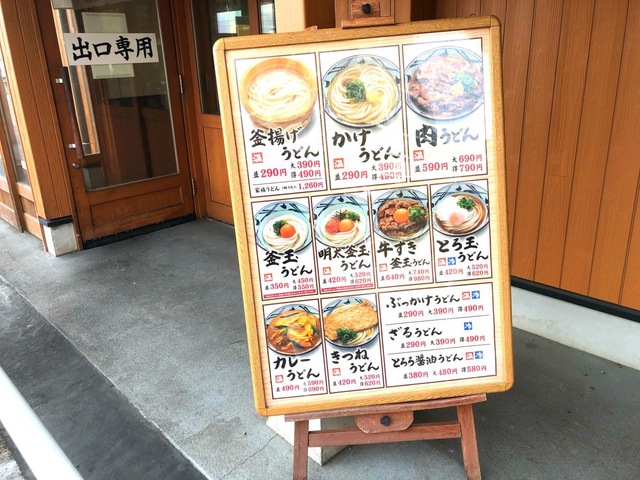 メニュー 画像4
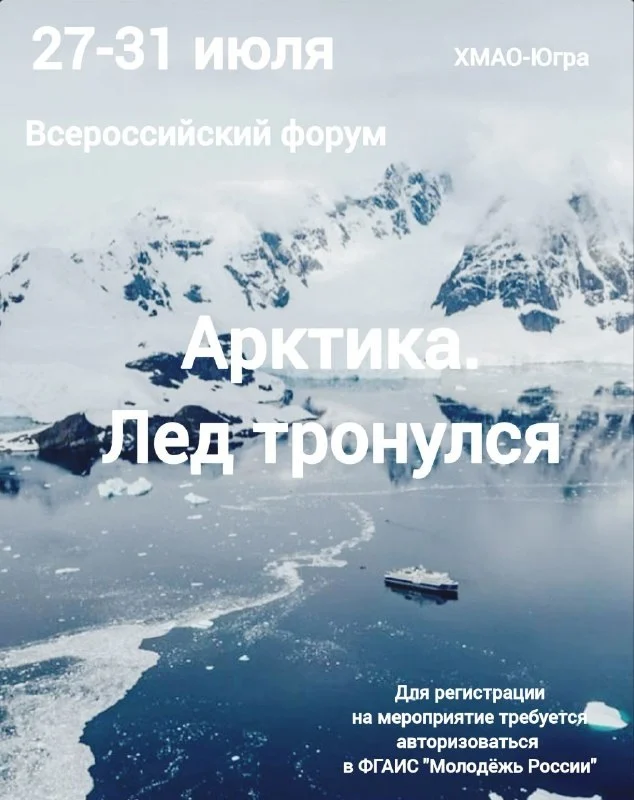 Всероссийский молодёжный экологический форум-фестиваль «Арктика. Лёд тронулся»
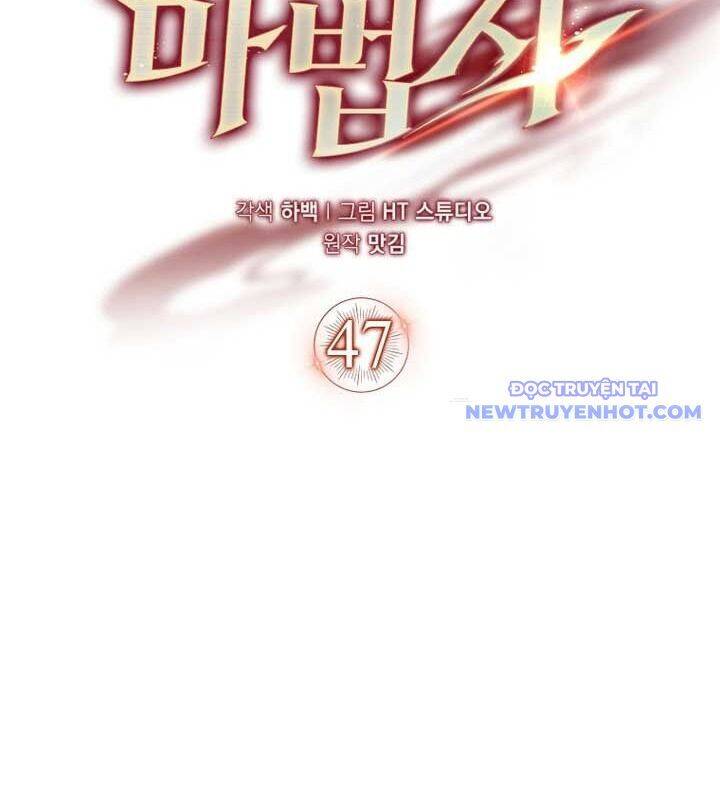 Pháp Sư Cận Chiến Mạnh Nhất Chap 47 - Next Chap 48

--

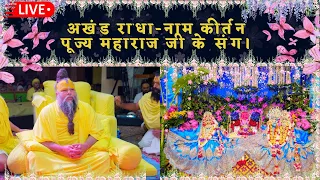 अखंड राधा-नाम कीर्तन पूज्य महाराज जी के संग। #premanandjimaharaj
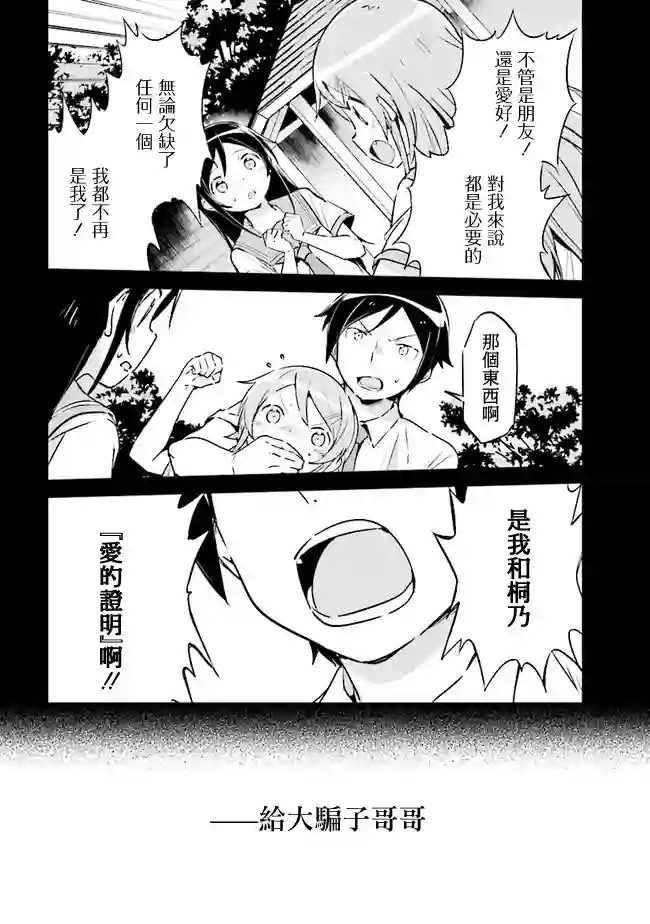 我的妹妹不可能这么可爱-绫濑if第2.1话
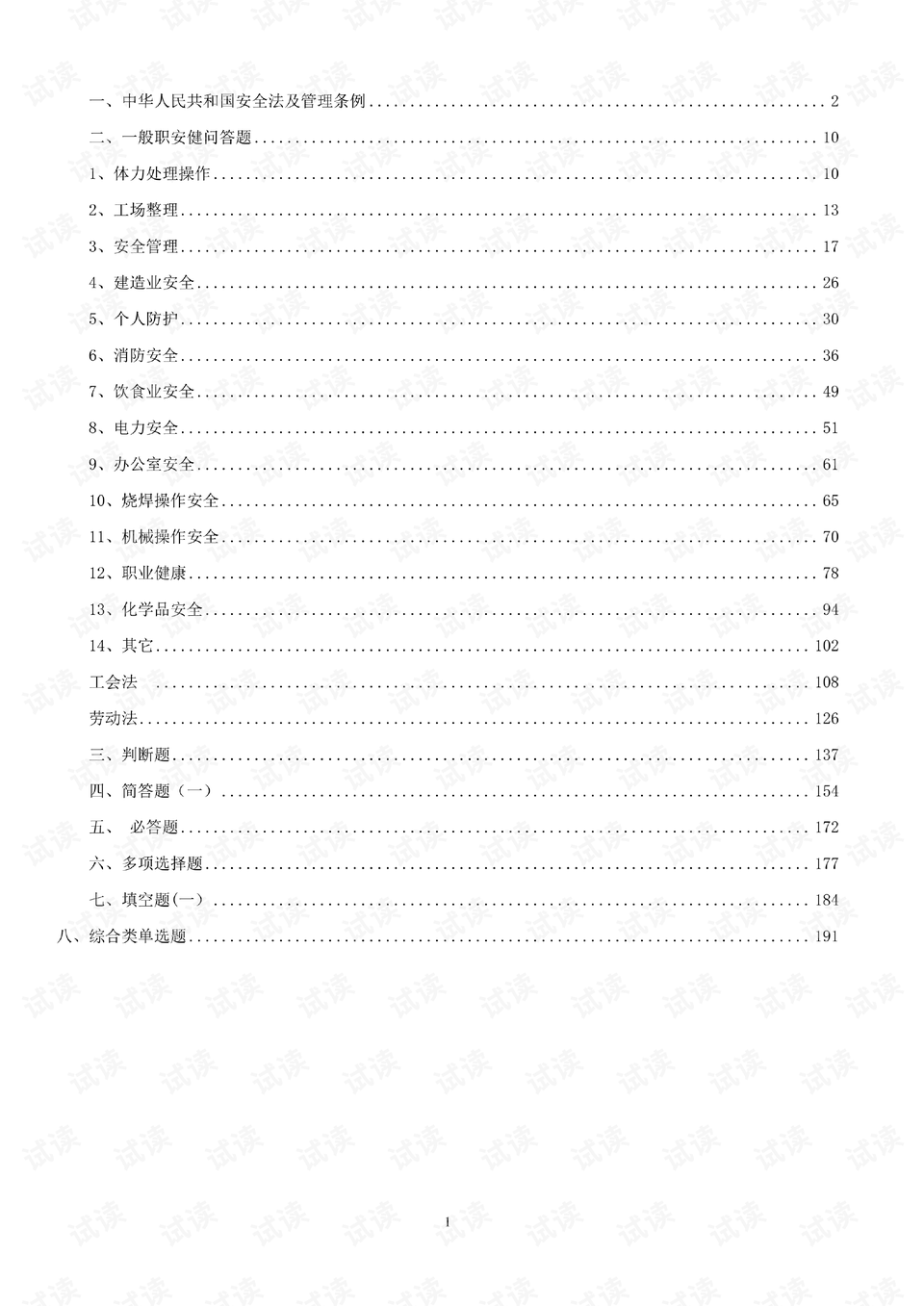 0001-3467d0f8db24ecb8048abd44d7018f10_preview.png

==

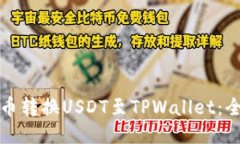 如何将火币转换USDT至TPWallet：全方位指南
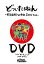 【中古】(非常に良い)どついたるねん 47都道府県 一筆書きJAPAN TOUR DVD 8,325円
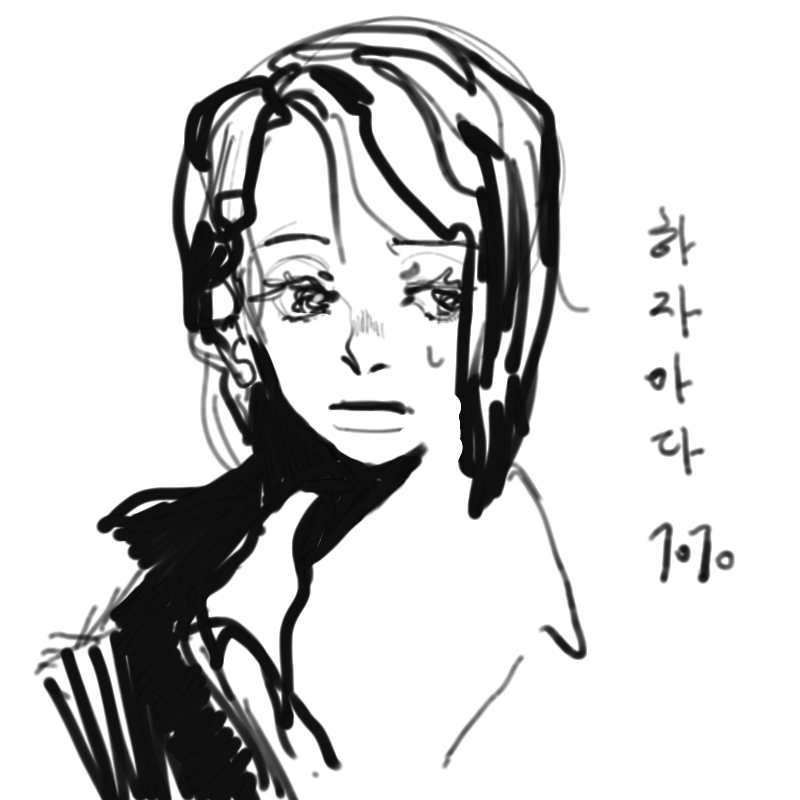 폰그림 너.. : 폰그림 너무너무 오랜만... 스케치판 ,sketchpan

▸ Work request
Starting at the line above that has "如何将火币转换USDT至TPWallet：全方位指南" and ending at the line that has "폰그림 너.. : 폰그림 너무너무 오랜만... 스케치판 ,sketchpan", copy each line exactly, leaving the pictures out and adding nothing.

▸ Task solution
 如何将火币转换USDT至TPWallet：全方位指南
 【中古】(非常に良い)どついたるねん 47都道府県 一筆書きJAPAN TOUR DVD 8,325円
 폰그림 너.. : 폰그림 너무너무 오랜만... 스케치판 ,sketchpan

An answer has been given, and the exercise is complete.